━━━━━ Given data ━━━━━

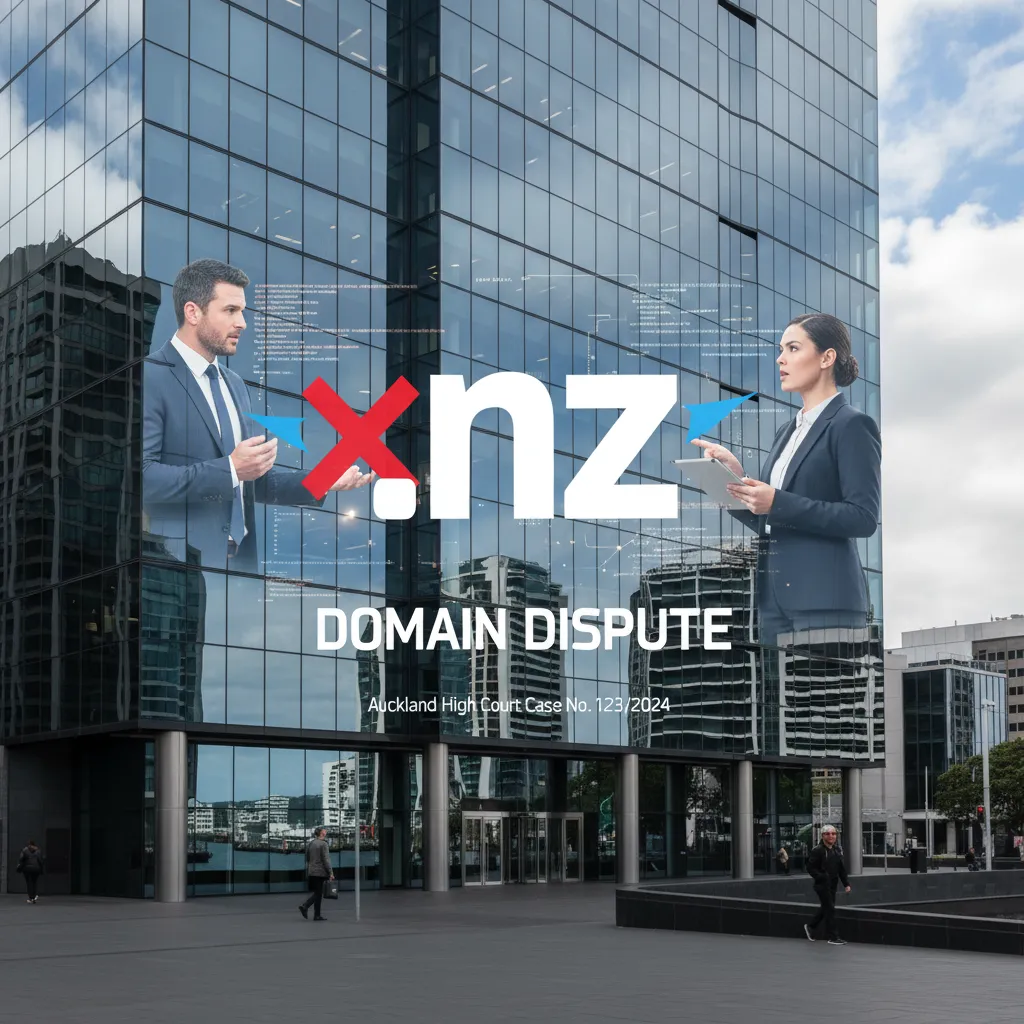 New Zealand domain dispute resolution concept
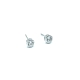PENDIENTE PLATA CHATON 4MM
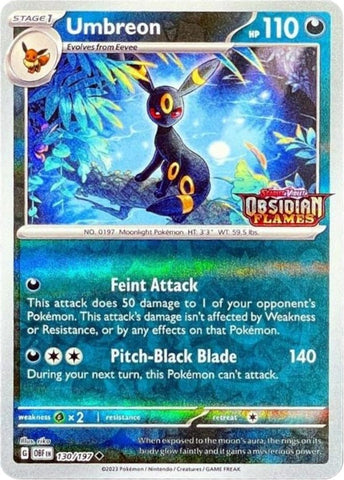 Umbreon (130/197) (Obsidian Flames Stamped) [Scarlet &amp; Violet: Obsidian Flames]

━━━━━

Work instruction: Leave the pictures out, and copy exactly each line from the one containing "PENDIENTE PLATA CHATON 4MM" through the final line of the data.

Result of the task:
PENDIENTE PLATA CHATON 4MM
 Umbreon (130/197) (Obsidian Flames Stamped) [Scarlet &amp; Violet: Obsidian Flames]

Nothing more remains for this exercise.